IndiaDi Patrizia Caiffa

Reshma Qureshi, 19 anni, è una donna indiana sfregiata con l’acido dal cognato per aver difeso la sorella. Ha sfilato venerdì scorso come modella sulla passerella della moda di New York. Anche se ha un occhio cieco e il viso deturpato ha avuto il coraggio di sfidare ogni pregiudizio per sensibilizzare su un fenomeno inquietante: secondo l’organizzazione britannica Acid survivors trust international le aggressioni con l’acido colpiscono ogni anno 1500 donne nel mondo, la maggioranza in India. L’Italia non ne è immune, come testimoniano alcuni tristi casi di cronaca degli anni passati. Negli stessi giorni un tribunale speciale per le donne dell’Alta Corte di Mumbai ha condannato alla pena capitale un uomo che tre anni fa ha gettato due litri di acido solforico sul viso di Preethi Rathi, infermiera 23enne che aveva rifiutato la sua proposta di matrimonio. Ferite che le sono state fatali: dopo un mese di ospedale Preethi è morta ed oggi il padre, un anziano affranto dal dolore, si dice soddisfatto per la pena esemplare. Una condanna che sta facendo discutere l’opinione pubblica indiana, con posizioni diverse. Potrebbe però aprire la strada ad una tardiva presa di coscienza sulla gravità di questi attacchi.
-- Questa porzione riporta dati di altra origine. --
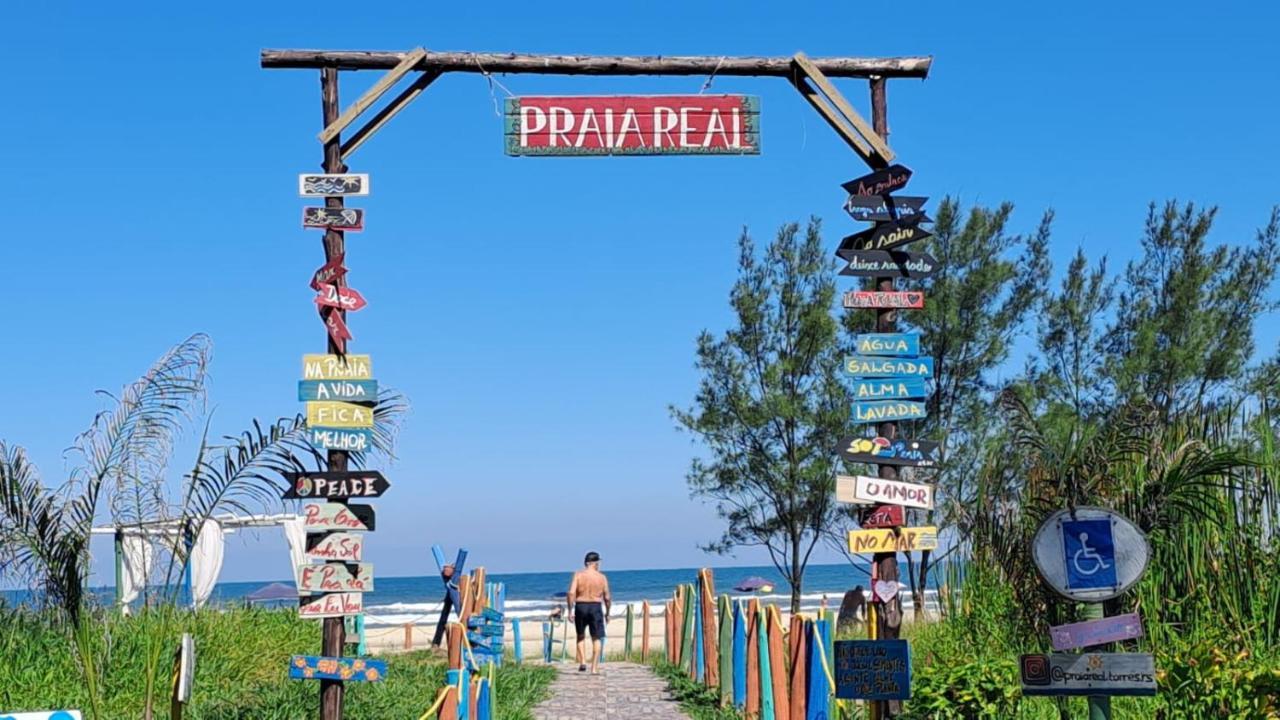 טורס Mare 3 - De Pedra - Natureza מראה חיצוני תמונה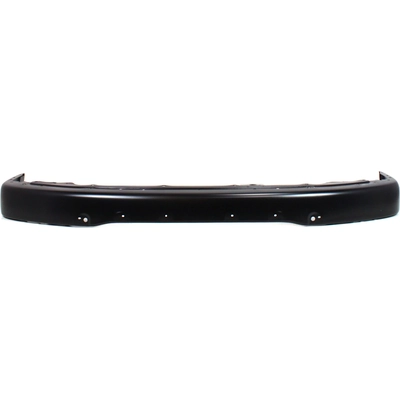 Front Bumper Face Bar - TO1002166 pa1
In India stimate tra le 500 e le 1000 aggressioni l’anno. Nella sola India i dati ufficiali segnalano 500 attacchi nel 2015 (altre stime ne contano 1000), in crescita rispetto all’anno precedente. Ma le cifre reali potrebbero essere molto più alte. Le donne che vivono nelle zone rurali o che appartengono alle caste più basse spesso non denunciano, perché non conoscono le leggi o per paura. La maggior parte delle vittime sono state aggredite per aver rifiutato avance sessuali o proposte di matrimonio. Forse per questo motivo, e per cercare l’effetto deterrenza, il Tribunale speciale per i crimini contro le donne di Mumbai ha voluto comminare una pena così dura a Ankur Panwar, 25 anni, che potrà fare ricorso in appello.

La morte di Preethi scosse fortemente l’opinione pubblica indiana, tanto che la Corte suprema ordinò subito dopo di restringere le condizioni di vendita dell’acido nei negozi o mercati. Ora viene chiesto un documento ai compratori e vietato l’acquisto ai minorenni.

Gli attivisti non sono però contenti e chiedono il divieto totale di vendita e pene più severe.

Una questione delicata. I cattolici in India, ma anche alcune organizzazioni per i diritti umani che lottano alla pari contro la violenza sulla donne e la pena di morte, sono in difficoltà nel valutare questa sentenza. Molte tacciono. Si è espresso il portavoce dell’arcidiocesi di Mumbai (Bombay) padreNigel Barrett: “Ci rendiamo conto della gravità del crimine commesso e abbiamo il più grande rispetto per l’autorità giudiziaria – ha detto – ma la Chiesa cattolica ha sempre avuto una posizione ufficiale contraria alla pena capitale. La vita è un dono di Dio e deve essere rispettato sempre”. Anche una religiosa indiana, suor Magdalene D’Silva, ha ricordato che “siamo nell’anno della Misericordia” e chiesto per l’aggressore “una possibilità di pentimento e riabilitazione”. Al contrario, l’attivista per i diritti delle donne Sangeeta Manore Bhure ha detto “che chi commette questi crimini merita una pena così severa”, altrimenti “le persone non capiscono”.  In India la pena di morte per impiccagione viene eseguita raramente, anche se sono 320 i detenuti nel braccio della morte a fine 2015, secondo Amnesty international. 3 persone sono state impiccate dal 2004 al 2014, l’ultima esecuzione risale al 2012.  (dati “Nessuno tocchi Caino”). Anche se l’India ha votato contro la moratoria della pena di morte chiesta dall’Onu nel 2013, spesso le condanne vengono commutate in ergastolo o annullate. L’anno scorso la Law Commission of India ha raccomandato agli Stati l’abolizione della pena di morte, tranne in caso di terrorismo e guerra contro il Paese. Nel 2014 i crimini contro le donne sono stati 322.000, tra cui 37.000 stupri (dati Amnesty).